WHAT TO DO:
The required output is the line with "Ông Vũ Hồng" plus all lines that follow it to the end of the listing below, written out exactly, with no pictures.

INFORMATION PROVIDED:
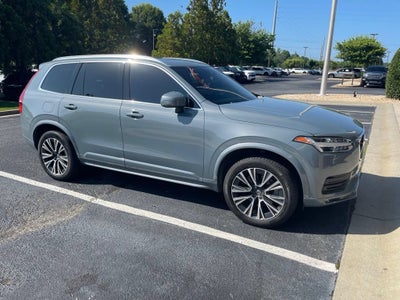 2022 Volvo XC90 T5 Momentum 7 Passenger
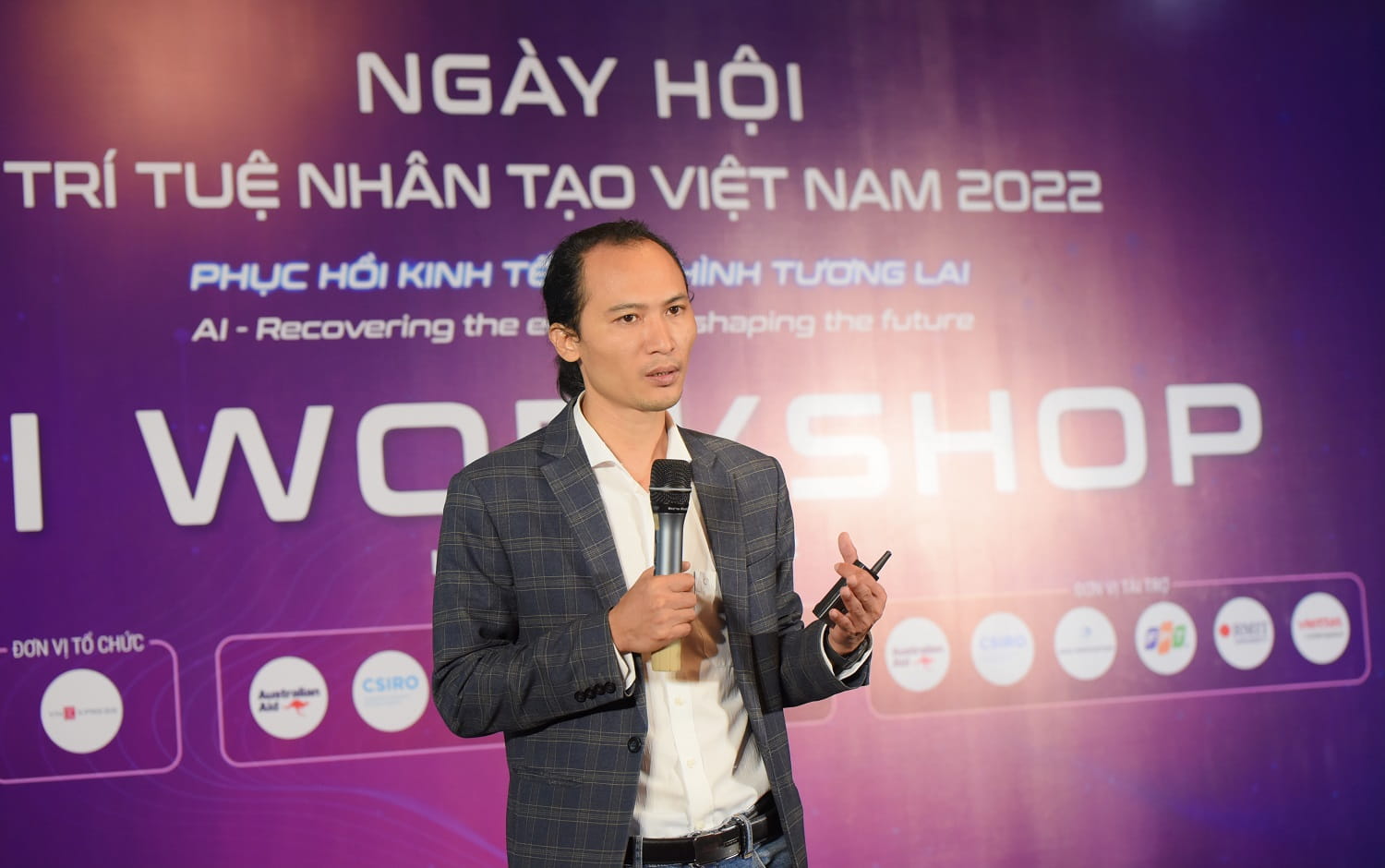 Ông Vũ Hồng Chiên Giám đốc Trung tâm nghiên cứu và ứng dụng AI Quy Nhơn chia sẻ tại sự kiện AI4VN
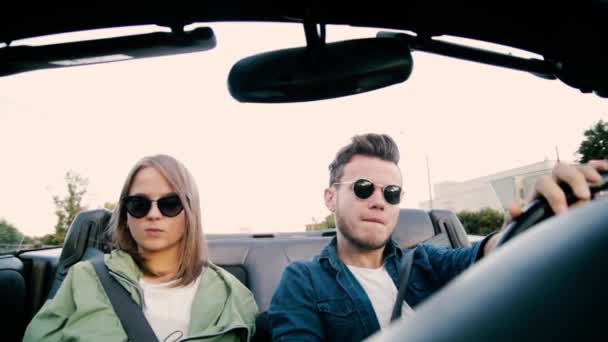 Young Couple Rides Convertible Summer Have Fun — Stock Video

EXERCISE RESULT:
 Ông Vũ Hồng Chiên Giám đốc Trung tâm nghiên cứu và ứng dụng AI Quy Nhơn chia sẻ tại sự kiện AI4VN
 Young Couple Rides Convertible Summer Have Fun — Stock Video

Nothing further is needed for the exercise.